The professional social network site has since been criticized for using weak SHA1 encryption to store passwords prior to 2012. Its methods have presumably been updated since; of course, this is of no consolation to the 117 million compromised users whose accounts were part of the original 2012 data breach treasure trove.
LinkedIn data for sale. Source: @TroyHunt / Twitter.
A word of caution: if you did not receive an email notification like the one below, your data may have still been compromised in the breach.
An excerpt from LinkedIn's recent data breach notification email.
As reported by our colleague Troy Hunt, a large swathe of LinkedIn users that were part of the data breach did not receive notifications; oddly enough, some non-LinkedIn users reported getting an email notification from the social network, despite not owning accounts.
Countermeasures and "LinkingIn" Securely
It's not surprising that the world's largest professional social network—a virtual Fort Knox of high-value data—proved too tempting of an opportunity for cyber attackers to pass up. To be fair, data breaches are inevitable, even for the most low-profile of organizations. And though LinkedIn has drawn criticism for the circumstances around the breach, its past encryption methods, as well as its handling of the event (both back then and 4 years later), at the end of the day users are responsible for protecting their own data.

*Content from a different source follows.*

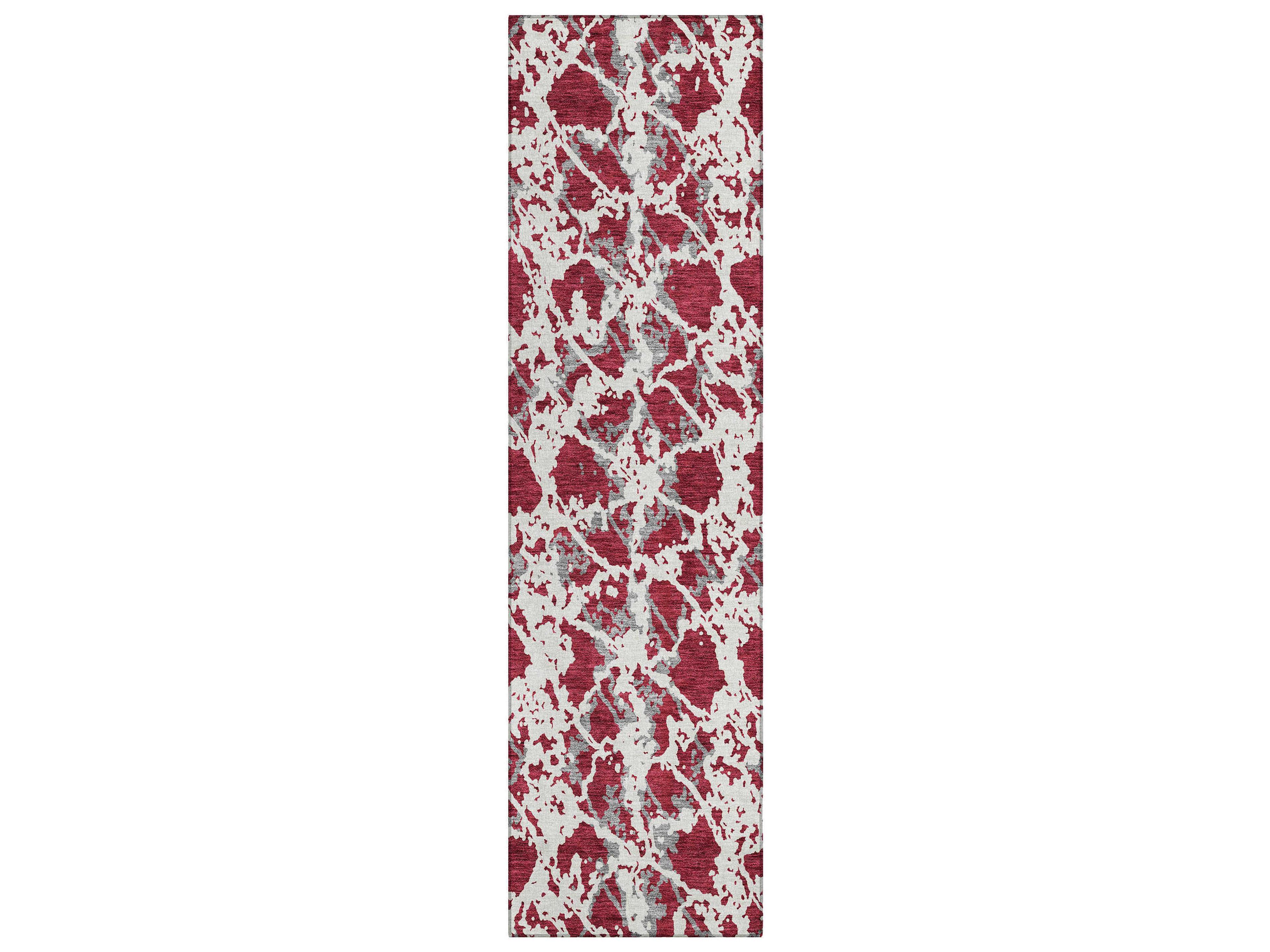 Dalyn Chantille Abstract Runner Area Rug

Expect phishing occurences to rise as LinkedIn users—and apparently even non-account holders—are informed of the latest data breach news. Cyber attackers will attempt to capitalize on the preponderance of LinkedIn security notifications floating around, so be sure to validate that emails coming from your social networks and online services are legitimate. It may also be an opportune time to employ two-factor authentication for your critical online services and favorite SaaS apps. And last but not least, change all account passwords (yes, all of them) if you haven't done so already.